Rafael Rojas: Cuba después de Obama
El presidente estadounidense es el dirigente mundial que mejor puede alentar la democratización en la isla. La reforma política es inevitable; la única cuestión es si se hará antes de 2018, cuando se renueve la Jefatura del Estado, o después
Durante décadas, buena parte de la opinión pública global ha especulado qué pasará en Cuba después de la muerte de Fidel Castro. Especulación cada vez menos pertinente, dado que la Cuba posterior al orden social de la Revolución y al estilo fidelista de gobierno ya es una realidad. La evidencia de una sociedad cada vez más estratificada y ajena a los usos y costumbres del castrismo, por el avance de una economía de mercado segmentada y el nacimiento de nuevas élites, globalizadas a su manera, confirma esa muerte política.
El viaje de Barack Obama acelera la mutación de un régimen que sobrevive a su fundador.
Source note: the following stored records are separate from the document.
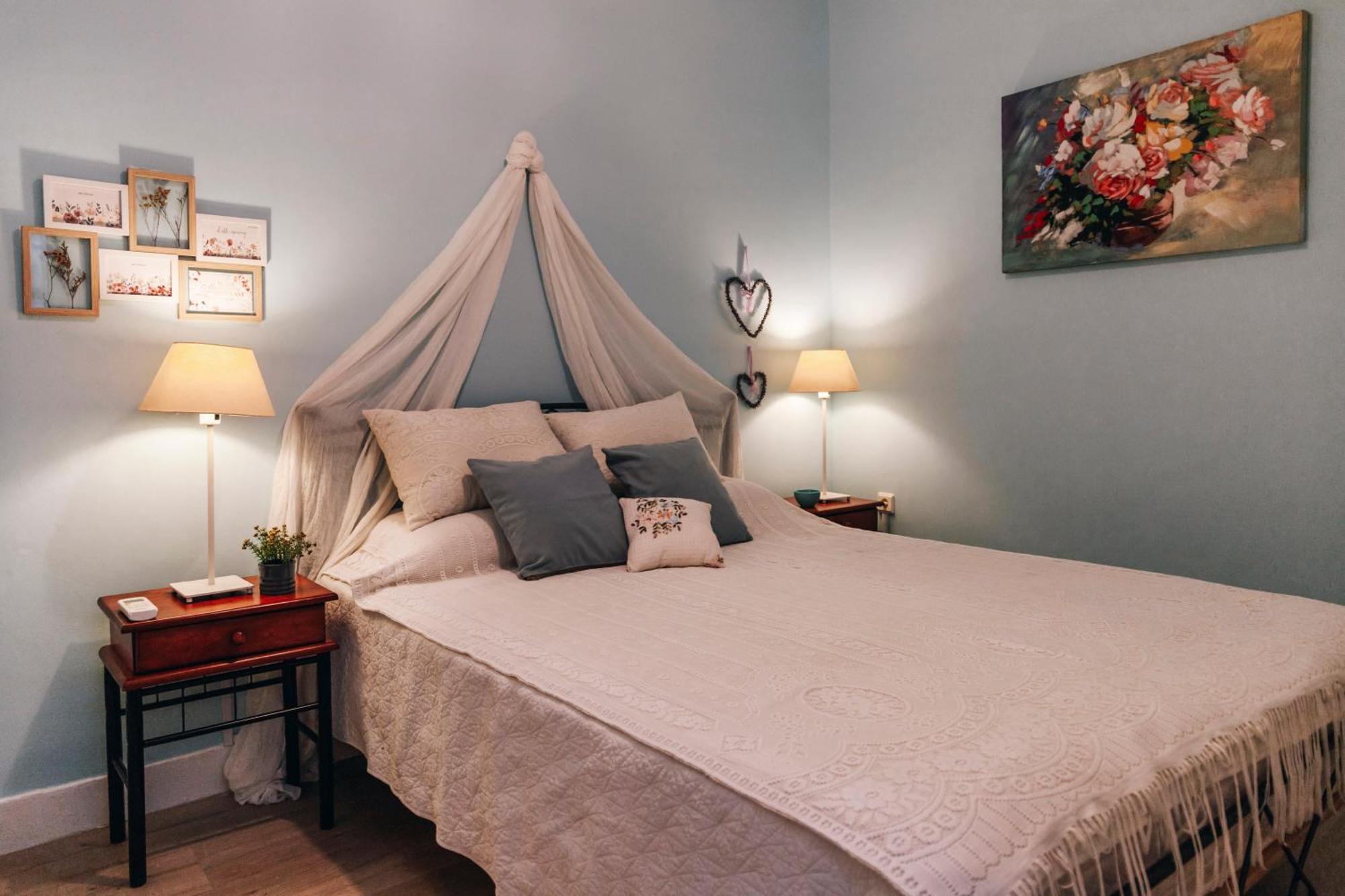 Monastiraki-Psiri, Old Town, 3-Bdr Apt, Sleep 6-10P, Spacious Court Yard Атина Екстериор снимка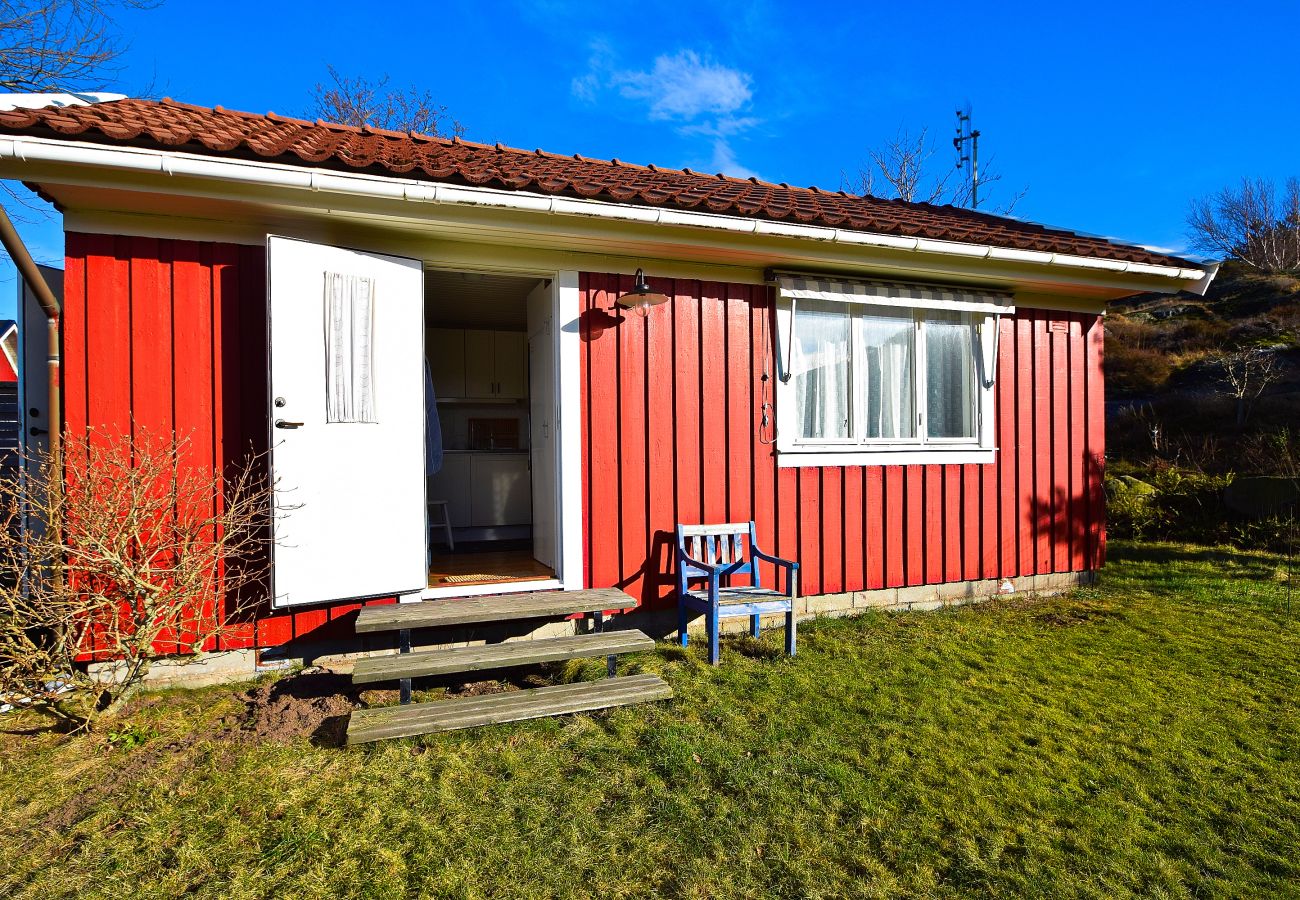 House in Hälleviksstrand - Two charming red cottages in Hälleviksstrand | SE09133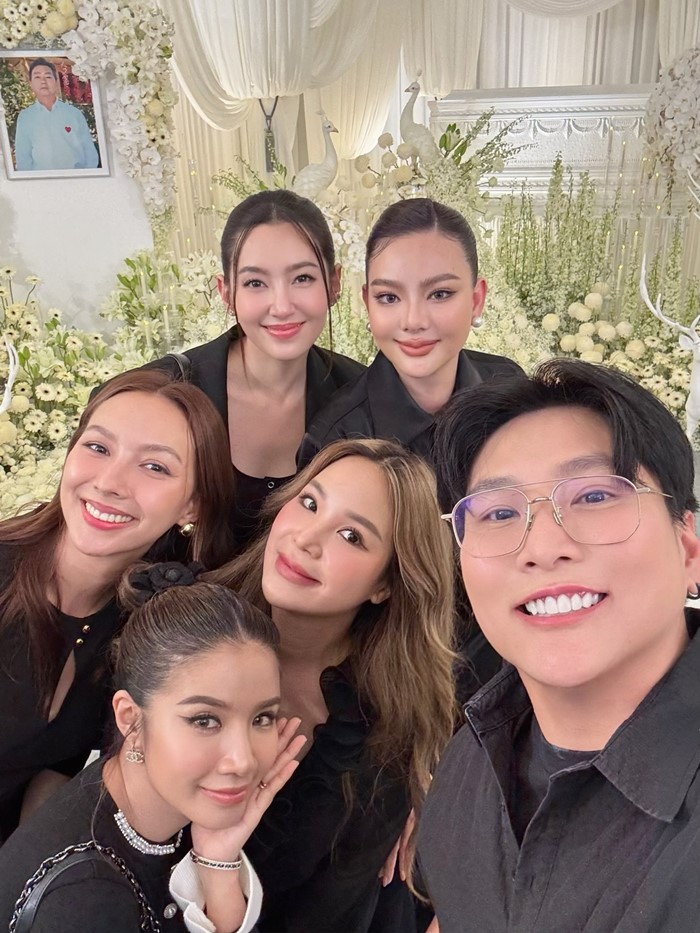 เบลล่า ราณี พร้อม พลอย ผจก. ร่วมไว้อาลัยงานศพคุณพ่อ ดิว อริสรา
El presidente de Estados Unidos llega a un país diferente al que Castro intentó mantener vivo, a costa de grandes sufrimientos, en las décadas que siguieron a la caída del muro de Berlín y la desintegración de la URSS. Mucho de lo que ha sucedido en la isla en los últimos años —multiplicación del trabajo por cuenta propia, compra y venta de automóviles y casas, liberalización del consumo, alza de remesas, apertura a la inversión extranjera, flexibilidad migratoria, aumento del turismo…— debió suceder hace veinticinco años.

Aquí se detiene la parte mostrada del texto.